Provided data =
+++
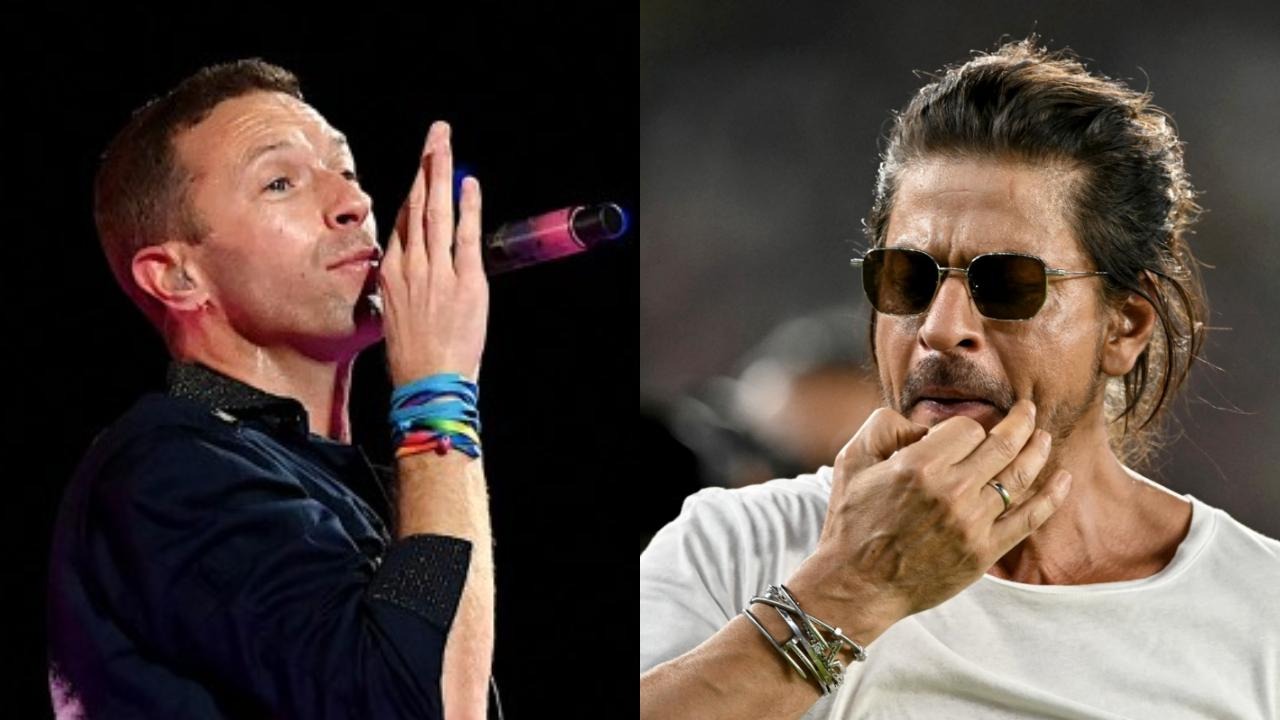 Chris Martin’s Iconic ‘Shah Rukh Khan Forever’ Shoutout at Mumbai Concert Sparks Frenzy; SRK Calls Him ‘One in a Billion'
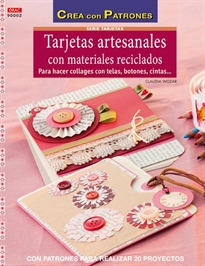 Books Frontpage Tarjetas artesanales con materiales reciclados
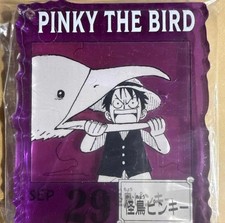 One Piece Base Shop No. 1 Lottery PINKY Acrylic Block Charm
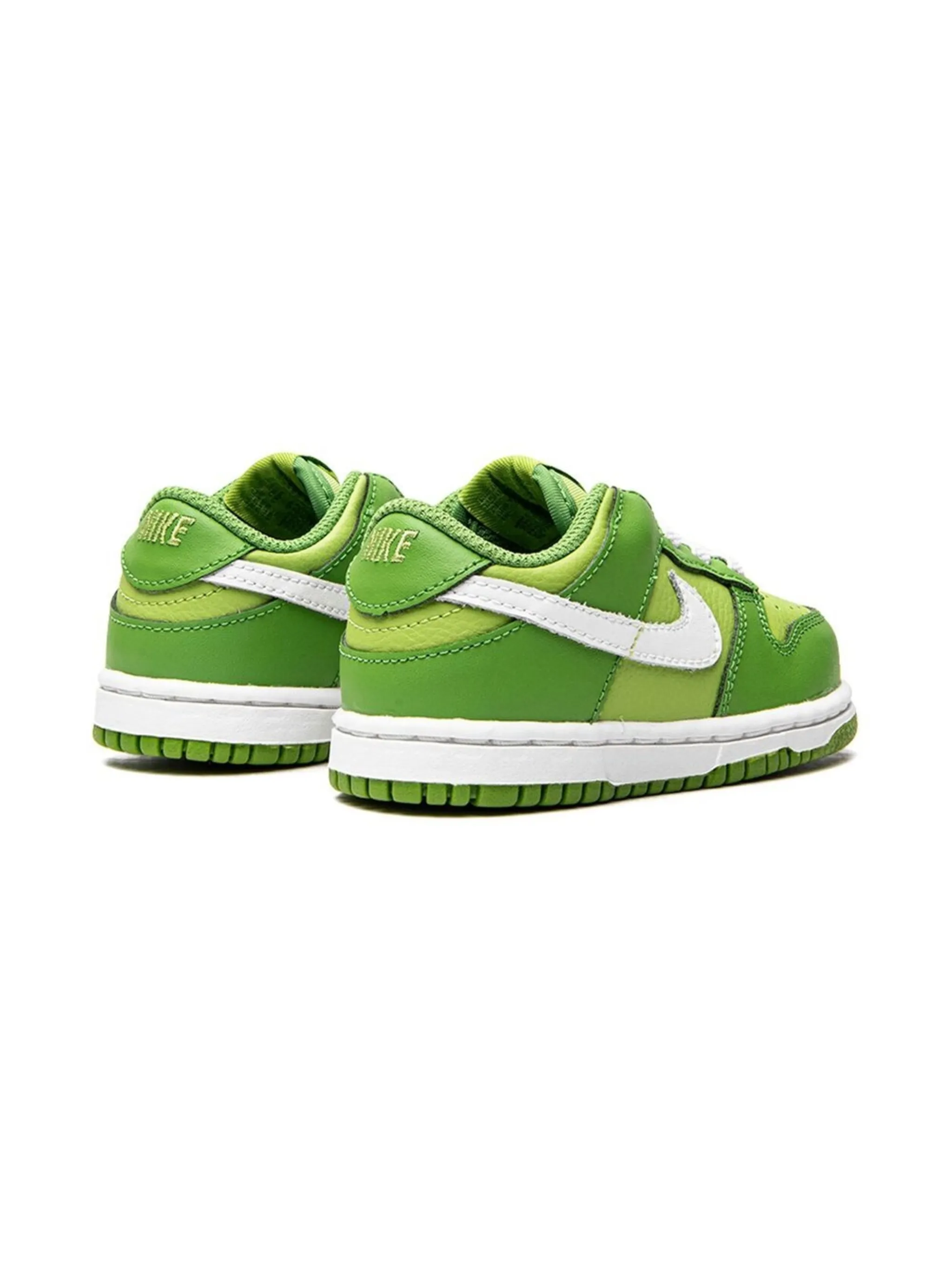 Кроссовки Dunk Low Chlorophyll Nike Kids, зеленый — фото 3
+++
What is required =
Your task is to repeat exactly the lines from the beginning of the data to the line that contains "One Piece Base", both ends included, leaving out pictures.

Solution to this exercise =
 Chris Martin’s Iconic ‘Shah Rukh Khan Forever’ Shoutout at Mumbai Concert Sparks Frenzy; SRK Calls Him ‘One in a Billion'
 Books Frontpage Tarjetas artesanales con materiales reciclados
 One Piece Base Shop No. 1 Lottery PINKY Acrylic Block Charm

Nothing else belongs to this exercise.